Welcome everyone to APL Seeds episode 3!
Last time we were able to "compile" the APL-syntax expression 3+√2×8
to the reverse Polish 328×√+
.
Today we are going to handle parentheses, so we'll now do the more complicated expression ((-3)+√(3×3)-4×2×1)÷2×2
.
We're only shuffling the terms around, so there's actually a part missing in that we won't keep track of how many arguments each function has.
So in the output, both -
s will appear the same even though one is monadic and one is dyadic.
Here's the code we had last time, in BQN:
x←"3+√2×8"
f←¬x∊•d
l←≠x
x⊏˜(↕l)+(f×l-↕l)-+`f
x←'3+√2×8'
f←~x∊⎕d
l←≢x
x[⍋(⍳l)+(f×l-⍳l)-+⍀f]
The idea here is that we push every function forward to the end of the expression (l
), and compensate by moving everything it goes past backwards by 1 (-+`f
).
When we have parentheses, we instead want to push every function up to the containing closing parentheses, or the end if it's at the top level.
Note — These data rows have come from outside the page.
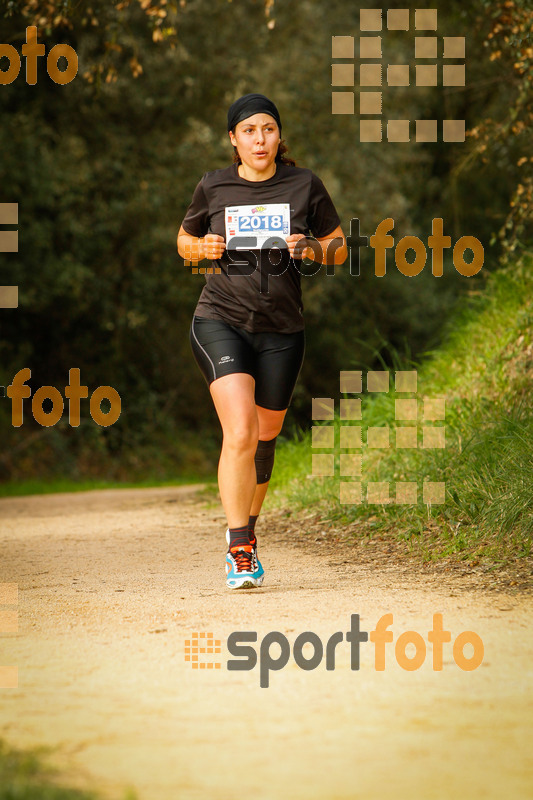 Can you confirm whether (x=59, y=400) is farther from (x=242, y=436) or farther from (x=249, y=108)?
(x=242, y=436)

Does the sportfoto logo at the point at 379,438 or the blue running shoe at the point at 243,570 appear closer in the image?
the blue running shoe at the point at 243,570

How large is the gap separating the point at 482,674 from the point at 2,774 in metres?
1.61

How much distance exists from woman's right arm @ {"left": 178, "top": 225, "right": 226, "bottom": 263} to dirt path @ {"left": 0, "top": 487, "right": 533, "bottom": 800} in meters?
1.64

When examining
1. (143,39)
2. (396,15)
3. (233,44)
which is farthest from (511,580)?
(233,44)

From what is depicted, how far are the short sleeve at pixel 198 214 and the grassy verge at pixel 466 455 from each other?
225 cm

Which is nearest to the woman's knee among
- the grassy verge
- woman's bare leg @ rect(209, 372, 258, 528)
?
woman's bare leg @ rect(209, 372, 258, 528)

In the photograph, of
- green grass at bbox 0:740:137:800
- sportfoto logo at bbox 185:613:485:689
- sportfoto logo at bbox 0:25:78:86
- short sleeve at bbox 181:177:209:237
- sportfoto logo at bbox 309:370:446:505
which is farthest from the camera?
sportfoto logo at bbox 0:25:78:86

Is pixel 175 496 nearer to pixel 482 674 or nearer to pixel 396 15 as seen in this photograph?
pixel 482 674

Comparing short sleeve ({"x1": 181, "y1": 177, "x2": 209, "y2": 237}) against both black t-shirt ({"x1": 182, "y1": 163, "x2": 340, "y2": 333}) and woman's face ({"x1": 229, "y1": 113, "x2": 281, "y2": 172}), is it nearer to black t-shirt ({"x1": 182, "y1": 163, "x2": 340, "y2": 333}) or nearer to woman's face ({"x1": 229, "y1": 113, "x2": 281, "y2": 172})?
black t-shirt ({"x1": 182, "y1": 163, "x2": 340, "y2": 333})

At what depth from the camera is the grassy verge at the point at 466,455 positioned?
5859 mm

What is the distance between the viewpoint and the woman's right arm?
4977mm

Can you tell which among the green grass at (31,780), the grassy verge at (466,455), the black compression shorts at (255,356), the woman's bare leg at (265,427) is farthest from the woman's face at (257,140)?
the green grass at (31,780)

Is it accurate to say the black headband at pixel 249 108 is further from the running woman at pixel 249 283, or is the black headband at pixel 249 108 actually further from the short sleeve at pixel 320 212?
the short sleeve at pixel 320 212

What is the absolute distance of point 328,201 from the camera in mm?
5258
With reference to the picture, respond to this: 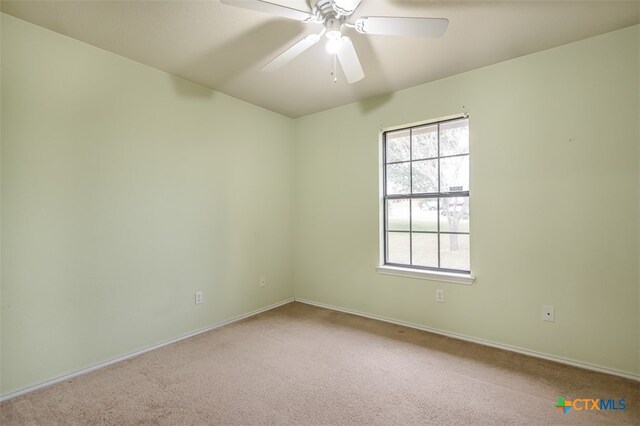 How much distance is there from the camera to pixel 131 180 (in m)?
2.41

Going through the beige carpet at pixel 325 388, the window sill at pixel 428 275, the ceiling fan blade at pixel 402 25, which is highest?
the ceiling fan blade at pixel 402 25

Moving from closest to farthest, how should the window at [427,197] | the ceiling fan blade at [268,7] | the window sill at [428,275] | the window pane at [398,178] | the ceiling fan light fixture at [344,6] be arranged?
1. the ceiling fan blade at [268,7]
2. the ceiling fan light fixture at [344,6]
3. the window sill at [428,275]
4. the window at [427,197]
5. the window pane at [398,178]

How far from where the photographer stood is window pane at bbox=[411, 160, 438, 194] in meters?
2.93

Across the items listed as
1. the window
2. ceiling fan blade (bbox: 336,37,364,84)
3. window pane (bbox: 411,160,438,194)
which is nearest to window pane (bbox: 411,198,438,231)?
the window

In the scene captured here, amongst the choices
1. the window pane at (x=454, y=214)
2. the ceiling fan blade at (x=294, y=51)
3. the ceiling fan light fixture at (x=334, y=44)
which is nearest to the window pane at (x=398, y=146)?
the window pane at (x=454, y=214)

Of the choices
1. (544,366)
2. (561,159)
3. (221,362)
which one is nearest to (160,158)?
(221,362)

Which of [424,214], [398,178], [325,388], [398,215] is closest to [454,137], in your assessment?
[398,178]

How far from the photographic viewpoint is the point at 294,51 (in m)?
1.86

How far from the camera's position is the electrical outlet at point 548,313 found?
2.28 meters

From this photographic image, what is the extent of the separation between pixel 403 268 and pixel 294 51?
2.27 m

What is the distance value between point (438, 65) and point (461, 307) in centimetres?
216

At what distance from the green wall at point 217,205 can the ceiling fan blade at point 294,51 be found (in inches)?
48.7

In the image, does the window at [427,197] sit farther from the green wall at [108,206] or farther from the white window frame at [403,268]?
the green wall at [108,206]

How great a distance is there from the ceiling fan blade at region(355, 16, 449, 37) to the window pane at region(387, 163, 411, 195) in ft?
5.31
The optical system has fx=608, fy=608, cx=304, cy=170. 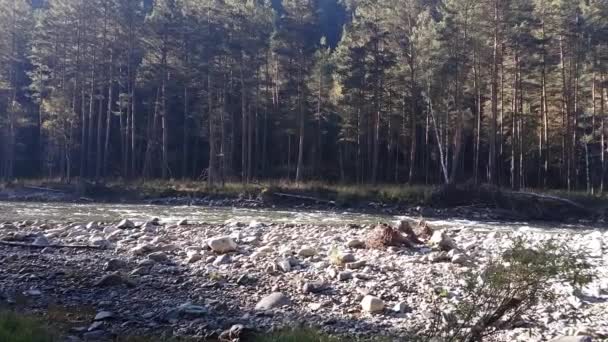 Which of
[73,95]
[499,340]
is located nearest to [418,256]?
[499,340]

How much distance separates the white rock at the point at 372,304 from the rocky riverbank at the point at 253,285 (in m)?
0.02

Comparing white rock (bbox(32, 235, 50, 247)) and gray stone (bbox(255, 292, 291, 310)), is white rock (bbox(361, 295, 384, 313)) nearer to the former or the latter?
gray stone (bbox(255, 292, 291, 310))

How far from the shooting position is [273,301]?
8.68m

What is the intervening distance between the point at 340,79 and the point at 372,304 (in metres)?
29.0

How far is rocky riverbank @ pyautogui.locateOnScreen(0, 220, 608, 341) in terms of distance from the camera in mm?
7797

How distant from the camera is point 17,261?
11625mm

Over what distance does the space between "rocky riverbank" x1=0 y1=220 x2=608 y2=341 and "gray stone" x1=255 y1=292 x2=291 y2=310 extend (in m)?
0.02

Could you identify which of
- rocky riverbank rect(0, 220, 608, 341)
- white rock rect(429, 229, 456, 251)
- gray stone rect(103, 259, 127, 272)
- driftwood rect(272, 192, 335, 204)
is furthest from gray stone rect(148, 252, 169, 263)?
driftwood rect(272, 192, 335, 204)

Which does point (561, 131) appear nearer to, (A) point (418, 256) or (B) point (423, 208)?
(B) point (423, 208)

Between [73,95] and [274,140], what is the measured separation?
15.8 metres

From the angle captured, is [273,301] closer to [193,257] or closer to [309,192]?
[193,257]

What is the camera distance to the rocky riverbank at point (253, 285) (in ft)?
25.6

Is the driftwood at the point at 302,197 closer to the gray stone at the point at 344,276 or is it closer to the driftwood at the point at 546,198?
the driftwood at the point at 546,198

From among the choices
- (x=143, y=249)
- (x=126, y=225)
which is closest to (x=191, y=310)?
(x=143, y=249) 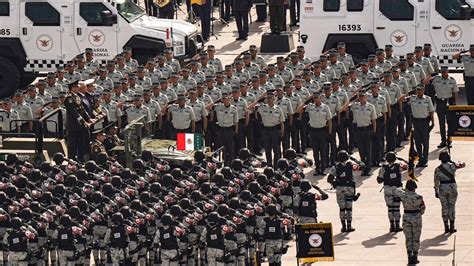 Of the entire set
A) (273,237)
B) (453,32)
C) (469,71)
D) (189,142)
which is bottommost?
(273,237)

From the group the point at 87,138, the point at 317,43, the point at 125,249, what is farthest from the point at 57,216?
the point at 317,43

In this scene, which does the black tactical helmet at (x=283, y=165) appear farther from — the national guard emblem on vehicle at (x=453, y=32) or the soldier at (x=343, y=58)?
the national guard emblem on vehicle at (x=453, y=32)

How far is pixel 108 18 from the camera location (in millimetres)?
48281

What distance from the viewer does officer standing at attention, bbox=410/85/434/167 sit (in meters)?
42.5

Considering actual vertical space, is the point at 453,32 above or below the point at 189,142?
above

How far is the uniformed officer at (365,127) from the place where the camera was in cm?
4222

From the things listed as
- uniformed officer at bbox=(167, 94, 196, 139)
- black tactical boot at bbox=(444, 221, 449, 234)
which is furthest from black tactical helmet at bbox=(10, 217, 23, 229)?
uniformed officer at bbox=(167, 94, 196, 139)

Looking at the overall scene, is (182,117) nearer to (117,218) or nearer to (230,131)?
(230,131)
So I want to find the index of the closing parenthesis for every character in the expression.
The idea here is similar to what we did in the first APL Seeds. We are going to sort the whole expression by nesting depth.
I'm starting with these definitions, which are the same as above with a different expression:
x←"((-3)+√(3×3)-4×2×1)÷2×2"
l←≠x
f←¬x∊•d
Let's find masks for the opening and closing parentheses, and the nesting depth.
o←x='(' ⋄ c←x=')' ⋄ d←+`o-c
The depths are [ 1 2 2 2 1 1 1 2 2 2 2 1 1 1 1 1 1 1 0 0 0 0 0 ]
.
Now we can sort our expression using (⍋d)⊏x
which gives [ )÷2×2()+√)-4×2×1(-3(3×3 ]
.
This expression looks fairly confusing at first, since the parens aren't paired any more. Since the depth increases and decreases at/before each paren, the opening paren is considered to be inside the pair but the closing paren is outside.
So the closing paren gets left behind when we do this sorting. That's actually good, because we now have a record of where the expression belongs.
On the other hand, the open paren always ends up at the beginning of the expression in parens when sorting. It serves as a marker of the beginning of a subexpression.
To see what's happening better, we can split the expression based on open parens with '('(+`∘=⊔⊢)(⍋d)⊏x
.
[ [ )÷2×2 ] [ ()+√)-4×2×1 ] [ (-3 ] [ (3×3 ] ]
To find the containing closing parenthesis, I want to find which expression each character belongs to. In the format above, this is easy because expressions are contiguous. I just need to find the number of open parens before the character.
This is just the prefix sum +`(⍋d)⊏o
.
We can visualize with (g⊏x)≍(+`g⊏o)
:
┌
) ÷ 2 × 2 ( ) + √ ) - 4 × 2 × 1 ( - 3 ( 3 × 3
0 0 0 0 0 1 1 1 1 1 1 1 1 1 1 1 2 2 2 3 3 3 3
┘
Now to go back to the original expression, we have to undo our depth sorting. We could use ⍋g
to select from the depth, but in BQN we have a nice tool called structural Under for this.
[ 1 2 2 2 1 1 1 3 3 3 3 1 1 1 1 1 1 1 0 0 0 0 0 ]
g⊸⊏
is the function that permutes by g
, and +`⌾(g⊸⊏)
does a prefix sum under this permutation.
Now to put it next to the original code, use x≍+`⌾(g⊸⊏)o
:
┌
( ( - 3 ) + √ ( 3 × 3 ) - 4 × 2 × 1 ) ÷ 2 × 2
1 2 2 2 1 1 1 3 3 3 3 1 1 1 1 1 1 1 0 0 0 0 0
┘
We have identified which set of parentheses each character belongs to, by index. Does that idea make sense?